[Information shown]:
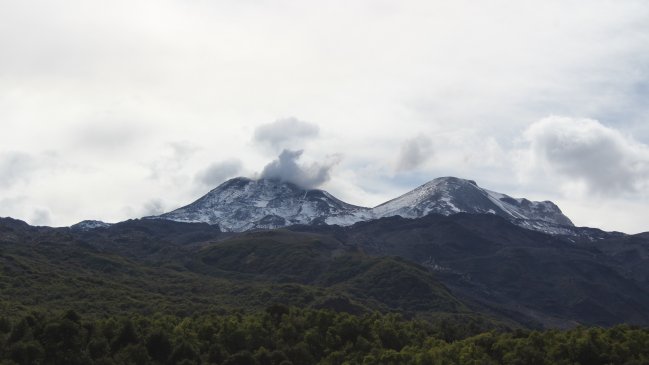 Ñuble: Compañía de agua entregará protocolos de abastecimiento en caso de erupción de Volcán Chillán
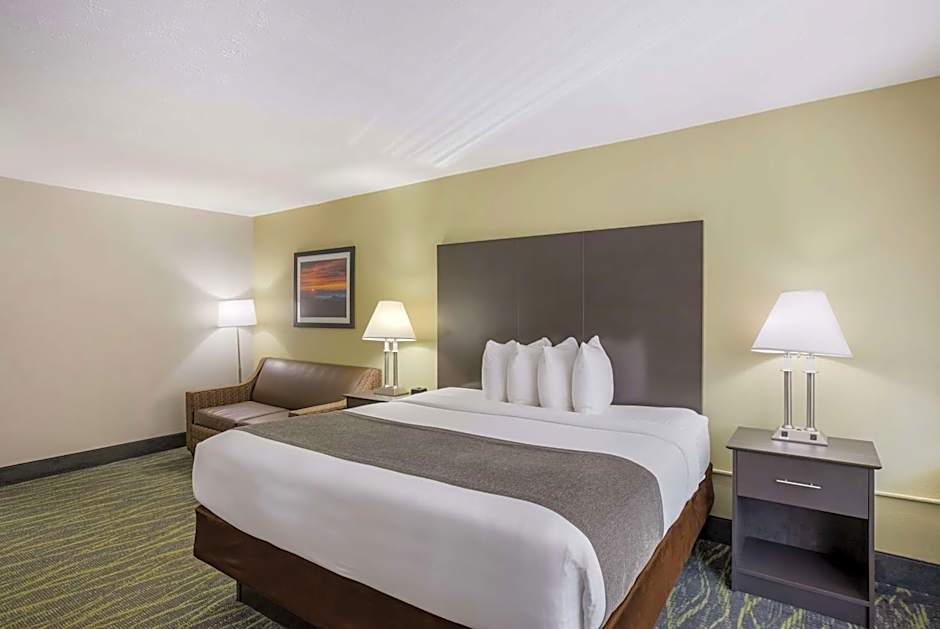 Best Western Asheville -Blue Ridge Parkway
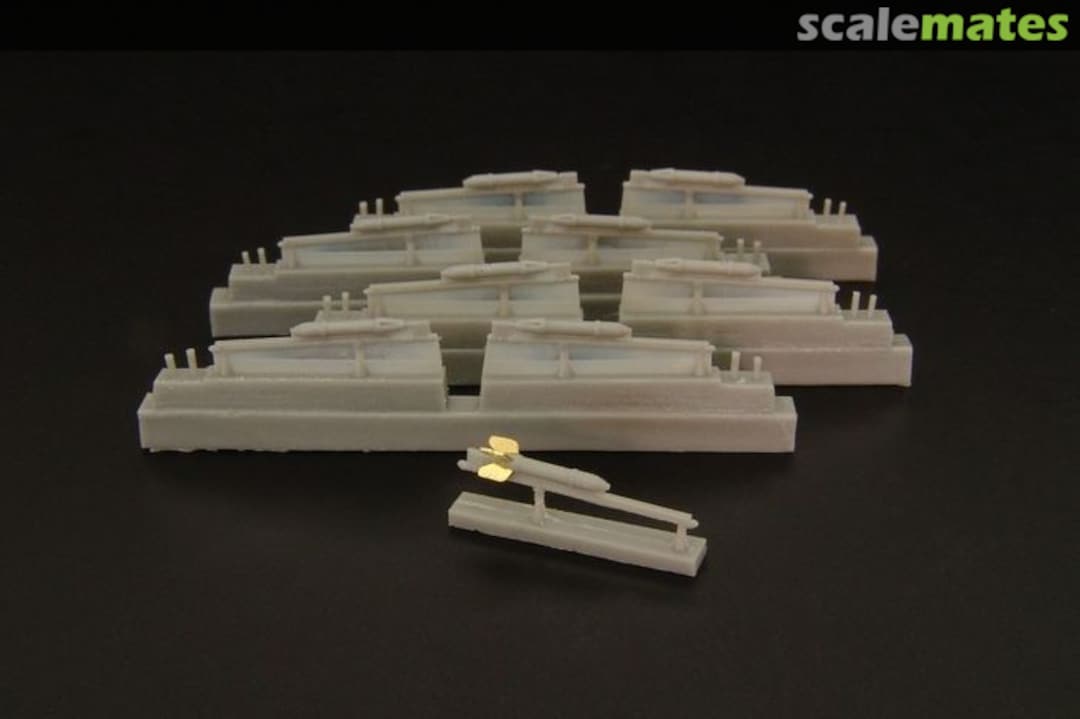 Boxart Soviet Rockets RS-82 BRL72127 Brengun Boxart Soviet Rockets RS-82 BRL72127 Brengun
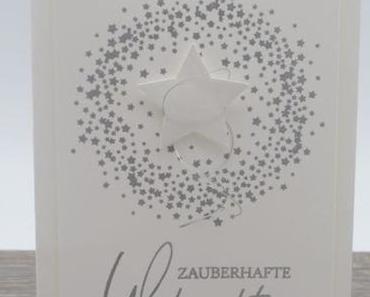 Weihnachten die zweite...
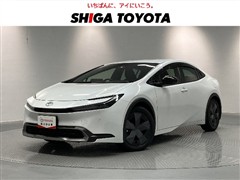 プリウス U テストカーUP PVM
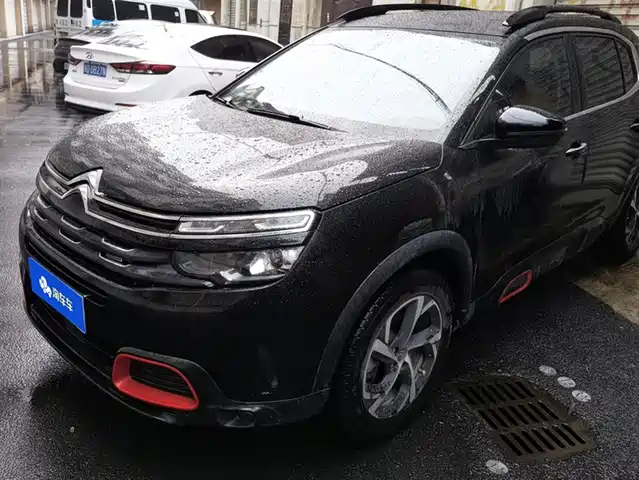 citroen tianyi-c5-aircross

[Task to complete]:
Begin with the line containing "Boxart Soviet Rockets RS-82 BRL72127 Brengun Boxart", stop at the last line of the records above, and copy every line in between exactly, both ends included, with no pictures.

[Response area]:
 Boxart Soviet Rockets RS-82 BRL72127 Brengun Boxart Soviet Rockets RS-82 BRL72127 Brengun
 Weihnachten die zweite...
 プリウス U テストカーUP PVM
 citroen tianyi-c5-aircross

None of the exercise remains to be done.